6

I have run into some difficulty when trying to run a Spark-MLLIB example through pyspark on an AWS-EMR cluster utilizing a file on S3. It is clear this is a permissions issue (403 error), but at this point I could use a hand figuring out where to look.

  1. Setup IAM - I created a user "dmoccia" under IAM Users
  2. I created a "machineLearning" group under IAM and added "dmoccia" to it
  3. I added the following managed policies: AmazonEC2FullAccess, AmazonS3FullAccess, AmazonElasticMapReduceFullAccess, AmazonElasticMapReduceRole, AmazonElasticMapReduceForEC2Role to the "machineLearning" group
  4. I then created a bucket "SparkTestingXYZ", I dropped an example file from Spark Mllib in the bucket (I was planning on testing with this simple Linear Regression model from the docs)
  5. I created the default roles for EMR from the AWSCLI

    $ aws emr create-default-roles 
    

    I followed this up by adding the following policies to the two roles (EMR_DefaultRole and EMR_EC2_DefaultRole) created: AmazonEC2FullAccess, AmazonS3FullAccess, AmazonElasticMapReduceFullAccess, AmazonElasticMapReduceRole, AmazonElasticMapReduceForEC2Role

  6. I then went ahead and fired up a cluster via AWSCLI

    $ aws emr create-cluster --name "Spark cluster" --release-label emr-5.0.0 --applications Name=Spark --ec2-attributes KeyName=AWS_Spark_Test --instance-type m3.xlarge --instance-count 3 --use-default-roles
    
  7. I then SSH into the master, fired up pyspark and tried the following code:

     from pyspark.sql import SparkSession
     spark = SparkSession\
        .builder\
        .appName("PythonSQL")\
        .config("spark.some.config.option", "some-value")\
        .getOrCreate()
     training = spark.read.format("libsvm").load("s3://s3.amazonaws.com/SparkTestingXYZ/sample_linear_regression_data.txt")
    

which in turn outputs the attached stack trace, but here is the header:

 16/08/12 17:44:19 WARN DataSource: Error while looking for metadata directory.
 Traceback (most recent call last):
 File "<stdin>", line 1, in <module>
 File "/usr/lib/spark/python/pyspark/sql/readwriter.py", line 147, in load
 return self._df(self._jreader.load(path))
 File "/usr/lib/spark/python/lib/py4j-0.10.1-src.zip/py4j/java_gateway.py",   line 933, in __call__
 File "/usr/lib/spark/python/pyspark/sql/utils.py", line 63, in deco
return f(*a, **kw)
 File "/usr/lib/spark/python/lib/py4j-0.10.1-src.zip/py4j/protocol.py", line 312, in get_return_value py4j.protocol.Py4JJavaError: 
 An error occurred while calling o49.load.: java.io.IOException:  com.amazon.ws.emr.hadoop.fs.shaded.com.amazonaws.services.s3.model.AmazonS3Excepti on: 
 Access Denied (Service: Amazon S3; Status Code: 403; Error Code: AccessDenied; Request ID: XXXXXXXXXXX), S3 Extended Request ID: OnI4tyk8Uun6JbD0iVnEi+kvjDfSK2U=

From here I even tried the following when launching the cluster

 $ aws emr create-cluster --name "Spark cluster" --release-label emr-5.0.0 --applications Name=Spark --service-role EMR_DefaultRole --ec2-attributes InstanceProfile=EMR_EC2_DefaultRole,KeyName=AWS_Spark_Test --instance-type m3.xlarge --instance-count 3 

At this point I am not sure which permission I need to set, or perhaps I am missing a policy.

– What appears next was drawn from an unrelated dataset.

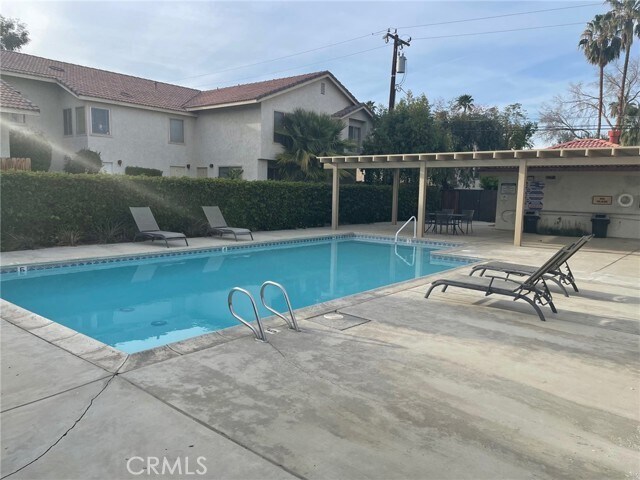 Building Photo - 74614 Driftwood Dr Unit C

If someone could point me in the right direction I would really appreciate it. I figure if I can get this working I can dial back some of the full access policies, but at this point I want to be able to read the file. One last thing, I did fire up both S3/Cluster in the same region (US Standard /us-east-1). Thank you if you made it this far!

Dennis
  • 401
  • 5
  • 17
  • 1
    Quick Update: I was able to access a public S3 bucket (https://s3.amazonaws.com/elasticmapreduce/samples/wordcount/wordSplitter.py) so I assume this means the permissions are ok, but somehow I set up my bucket incorrectly. I tried making it public, but still could not read from it – Dennis Aug 15 '16 at 22:34
  • 1
    I was able to get the file via curl once the S3 bucket was made public, still no success when attempting to pull it into python – Dennis Aug 15 '16 at 22:49
  • 1
    I have solved a good portion of this issue, I plan on posting the full solution once I have done more testing using "Steps" in EMR. I would like to avoid SSHing into the cluster in order to run code. – Dennis Aug 17 '16 at 18:54
  • 2
    I solved this issue using s3a protocol + ProfileCredentialsProvider (http://stackoverflow.com/a/43910762/1879686). – rdllopes May 11 '17 at 08:59
  • 1
    Thanks for commenting on this @rdllopes – Dennis May 12 '17 at 11:37

0 Answers0